Opinion: NDA's Should Seldom Be Signed - May 2, 2015

The NDA. The Non-Disclosure Agreement. A legal agreement that seems to be at its height of popularity. What does this have to do with sales you may be wondering? Everything. And, here is my opinion.

To put a few things about me into perspective so you’ll understand where my opinion comes from, let me first start by pointing out that my father was a corporate attorney specializing in contracts, and my roommate from college is managing partner of a very successful law firm. While I am not an attorney, I have a pretty good grasp on contract law. And, now that I’ve been in my own career for over twenty years, I can’t help but think “wow, when did sales become so enamored with legaleeze?”
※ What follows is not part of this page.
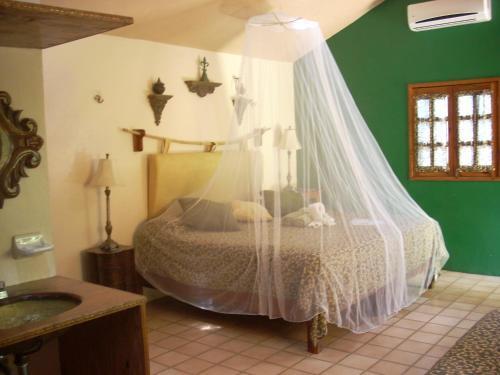 Foto de una habitación de Hotel Macan Ché B&amp;amp;B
Contracts are a way of life in business, especially in sales. A purchase order is a contract. There are service level agreements (SLA’s) which are contracts. There are employee contracts and non-competition agreements. Ok, Ok there are contracts. But, I’ve never seen anything quite so obnoxious as the constant use these days of the NDA. Certainly, they have their place too in business, but everyone seems to be carrying one with them everywhere they go, and no one wants to even have a general conversation without a signature. And, what make matters worse, they are blanket NDA’s with nothing specific being covered. In other words, they basically cover everything that “might” be said rather that what “will specifically” be said in a conversation.

Think about it for a moment. If, as a sales person, you are bound by a NDA for every (or even every other) conversation you might have with a prospective customer, then you will run out of topics to discuss rather quickly. In my opinion the NDA should not be a tool utilized for an initial conversation. So, how do you deal with the request (demand)?
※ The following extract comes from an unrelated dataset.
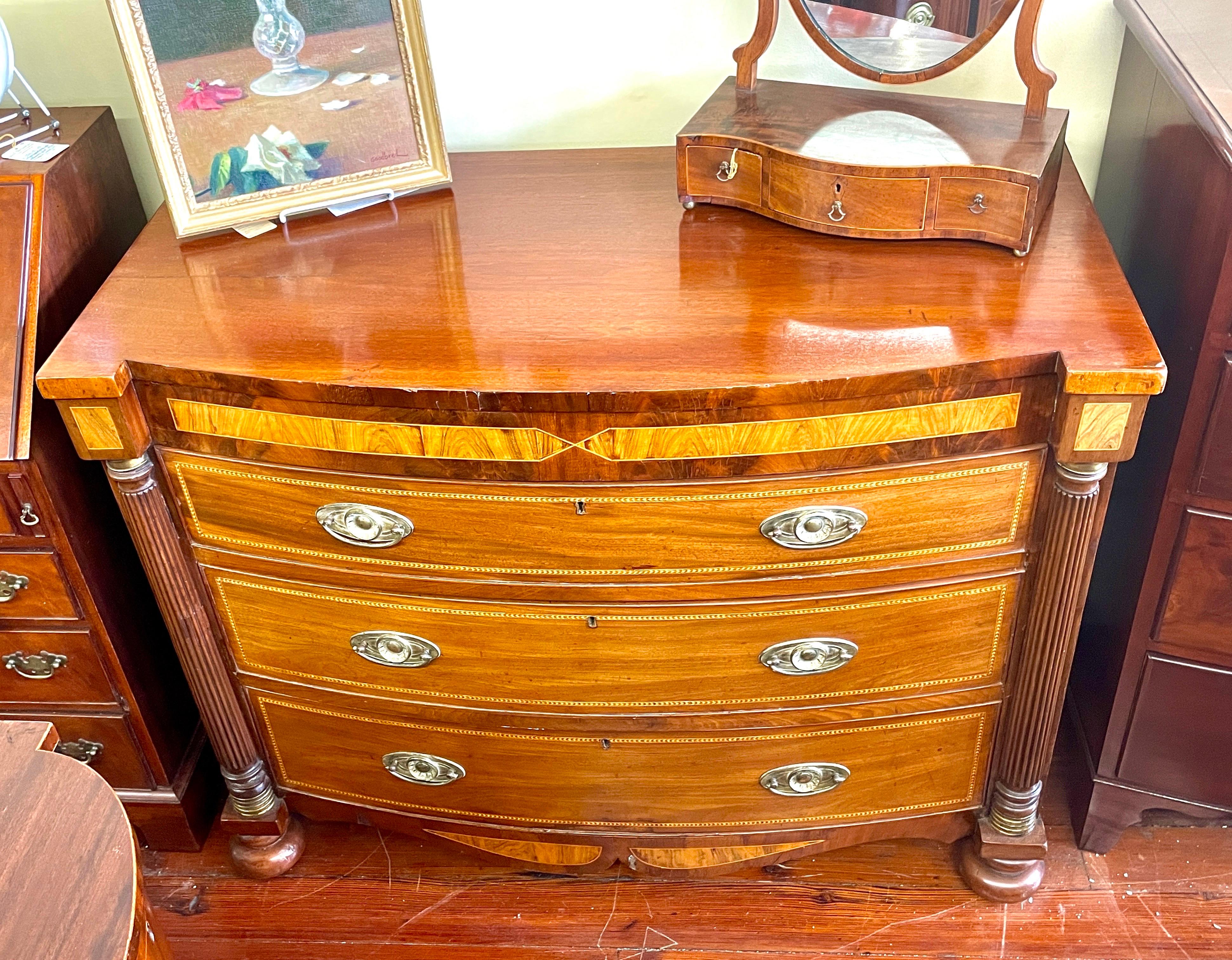 A rare and important Antique American mid-Atlantic region Late Empire Inlaid mahogany large Bowfront Chest of Drawers with checkered inlays, rosewood crossbanding (inlay), half-turned and reeded columns with brass capitals top and bottom; all upon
First of all, you need to understand your own company policy with regards to the NDA. Does your legal counsel have a certain position the company takes on whether a NDA will or will not be executed. Second, you should have a standard response for the customer or prospect when asked. And, third and finally, do not waiver and sign one and not another. Your policies should be across the board.

The NDA has its place, but get through the initial conversation, and make sure you and your customer or prospect are interested in furthering the relationship. Have your attorney draft the NDA, not the customer or prospect, and make sure there is a place to be very, very specific on what is to be covered by the NDA. And, it must be limited in timeframe, none of this lifetime stuff, or even 2 years. The NDA should survive one year at most.

Hopefully you’ll not need to deal with the NDA, but if you do, I hope my opinion sheds a little light on this popular contract.